Para escapar do ataque de um cachorro de rua, Joaquim pulou sobre o carro de Valério, causando danos no capô do veículo. O fato aconteceu no ano de 2015. Acreditando se tratar de dano intencional em razão de rixa anterior entre os dois, Valério deu notícia do crime à delegacia de polícia. Processado criminalmente, Joaquim foi absolvido por falta de provas, tendo a sentença transitado em julgado em 2019. Com relação a essa situação hipotética, assinale a opção correta.
- A)O ataque do animal não descaracteriza o ato ilícito, sendo Joaquim responsável civilmente pelos danos causados ao carro de Valério.
Errada, porque o ataque do animal pode configurar estado de necessidade e afastar a ilicitude da conduta de Joaquim.
- B)A pretensão de Valério de indenização por dano cível está prescrita, tendo em vista que transcorreram três anos do fato danoso.
Errada, porque o enunciado trata de excludente de ilicitude civil, e não de prescrição, além de a contagem do prazo depender da pretensão exercida e do marco aplicável.
- C)Joaquim não praticou ato ilícito, pois danificou o veículo de Valério a fim de remover perigo iminente.
Certa, pois Joaquim danificou o veículo para remover perigo iminente, hipótese prevista no art. 188, I, do Código Civil.
- D)Ainda que fosse caracterizado o excesso por parte de Joaquim na remoção do perigo, não seria possível a sua responsabilização pelos danos.

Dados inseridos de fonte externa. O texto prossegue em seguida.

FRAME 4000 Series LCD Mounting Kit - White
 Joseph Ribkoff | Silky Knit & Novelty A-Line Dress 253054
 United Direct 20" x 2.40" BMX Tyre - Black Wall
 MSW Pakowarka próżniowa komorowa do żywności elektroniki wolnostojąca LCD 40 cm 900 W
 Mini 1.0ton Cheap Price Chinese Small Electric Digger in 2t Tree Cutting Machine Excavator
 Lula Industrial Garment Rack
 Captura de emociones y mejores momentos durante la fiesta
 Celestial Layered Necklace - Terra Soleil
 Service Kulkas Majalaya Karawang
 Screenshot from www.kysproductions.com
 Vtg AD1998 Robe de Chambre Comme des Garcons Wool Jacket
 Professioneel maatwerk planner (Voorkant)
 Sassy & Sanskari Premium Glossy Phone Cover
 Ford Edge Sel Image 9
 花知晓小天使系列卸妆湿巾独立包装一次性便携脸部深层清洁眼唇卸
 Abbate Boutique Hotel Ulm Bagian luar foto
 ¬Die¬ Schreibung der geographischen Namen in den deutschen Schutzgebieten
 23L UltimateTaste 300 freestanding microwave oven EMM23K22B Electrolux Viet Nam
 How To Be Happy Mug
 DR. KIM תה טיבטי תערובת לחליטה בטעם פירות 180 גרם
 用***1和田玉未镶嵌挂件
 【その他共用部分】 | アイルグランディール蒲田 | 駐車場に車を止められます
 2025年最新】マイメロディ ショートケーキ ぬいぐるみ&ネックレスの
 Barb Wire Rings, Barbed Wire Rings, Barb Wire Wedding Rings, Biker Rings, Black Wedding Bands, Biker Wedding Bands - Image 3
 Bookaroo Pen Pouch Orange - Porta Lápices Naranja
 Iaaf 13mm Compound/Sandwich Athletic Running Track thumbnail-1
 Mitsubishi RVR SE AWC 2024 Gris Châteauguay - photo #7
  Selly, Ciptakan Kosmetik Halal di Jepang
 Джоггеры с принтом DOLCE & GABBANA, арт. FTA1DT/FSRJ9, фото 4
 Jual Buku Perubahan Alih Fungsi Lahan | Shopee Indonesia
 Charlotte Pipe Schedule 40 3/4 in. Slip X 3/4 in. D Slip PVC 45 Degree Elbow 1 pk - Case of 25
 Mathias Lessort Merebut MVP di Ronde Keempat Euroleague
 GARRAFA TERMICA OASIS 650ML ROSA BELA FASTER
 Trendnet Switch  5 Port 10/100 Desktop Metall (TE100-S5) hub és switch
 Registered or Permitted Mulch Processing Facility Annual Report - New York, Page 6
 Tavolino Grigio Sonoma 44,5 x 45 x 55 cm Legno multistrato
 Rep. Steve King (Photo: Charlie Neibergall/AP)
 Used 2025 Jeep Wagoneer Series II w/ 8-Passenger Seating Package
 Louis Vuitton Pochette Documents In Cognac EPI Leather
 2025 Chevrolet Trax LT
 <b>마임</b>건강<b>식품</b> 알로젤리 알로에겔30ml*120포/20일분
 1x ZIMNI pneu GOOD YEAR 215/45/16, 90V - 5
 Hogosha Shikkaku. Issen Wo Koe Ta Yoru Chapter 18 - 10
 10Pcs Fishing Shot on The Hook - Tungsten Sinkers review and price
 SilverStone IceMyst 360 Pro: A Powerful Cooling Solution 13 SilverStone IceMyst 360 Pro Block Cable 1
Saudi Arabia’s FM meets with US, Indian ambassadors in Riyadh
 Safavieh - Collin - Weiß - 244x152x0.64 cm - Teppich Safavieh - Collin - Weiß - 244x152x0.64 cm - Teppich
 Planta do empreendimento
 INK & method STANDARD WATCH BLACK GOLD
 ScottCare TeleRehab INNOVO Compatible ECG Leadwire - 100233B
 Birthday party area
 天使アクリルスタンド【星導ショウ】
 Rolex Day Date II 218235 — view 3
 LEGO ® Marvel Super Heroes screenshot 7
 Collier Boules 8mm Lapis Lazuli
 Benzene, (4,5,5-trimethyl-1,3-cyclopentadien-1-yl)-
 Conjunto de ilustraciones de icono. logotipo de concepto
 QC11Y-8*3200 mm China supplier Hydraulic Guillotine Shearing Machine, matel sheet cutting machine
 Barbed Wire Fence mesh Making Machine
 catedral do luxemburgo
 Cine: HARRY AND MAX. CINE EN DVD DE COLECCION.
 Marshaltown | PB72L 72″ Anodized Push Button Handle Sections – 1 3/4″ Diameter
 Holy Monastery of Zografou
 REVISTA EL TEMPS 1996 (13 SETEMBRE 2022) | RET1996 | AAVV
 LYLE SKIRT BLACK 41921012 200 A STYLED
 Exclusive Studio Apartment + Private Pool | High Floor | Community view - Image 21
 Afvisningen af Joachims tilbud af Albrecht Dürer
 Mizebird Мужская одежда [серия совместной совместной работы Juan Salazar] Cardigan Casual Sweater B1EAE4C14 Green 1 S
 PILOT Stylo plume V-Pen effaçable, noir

Errada, porque a responsabilidade por excesso só surgiria se houvesse abuso na reação, o que o enunciado não afirma.
Gabarito: C
A questão gira em torno de um clássico do Direito Civil: o estado de necessidade. Pelo art. 188, I, do Código Civil, não constitui ato ilícito a deterioração ou destruição da coisa alheia, ou a lesão a pessoa, para remover perigo iminente. Ou seja, se a conduta foi praticada para escapar de um risco atual e grave, a regra é que não há ilicitude. Aqui, Joaquim pulou sobre o carro para fugir do ataque de um cachorro de rua. O carro foi danificado, mas o dano foi um meio de afastar um perigo imediato, o que afasta a ilicitude civil. Por isso, a letra C está correta: Joaquim não praticou ato ilícito porque agiu para remover perigo iminente. Em prova, a banca costuma cobrar exatamente essa ideia: necessidade atual + perigo inevitável + reação proporcional. Se houver excesso, aí a conversa muda, porque o excesso pode gerar responsabilidade. Vale lembrar que a absolvição penal por falta de provas não impede, por si só, a discussão civil. Na responsabilidade civil, o foco é outro: saber se houve conduta ilícita, dano e nexo causal, ou se existe alguma excludente. Aqui, a excludente é justamente o estado de necessidade. Resumo prático: nem todo dano gera indenização. Às vezes, a pessoa quebra um bem alheio para salvar a própria pele. O Direito não gosta do estrago, mas entende a urgência.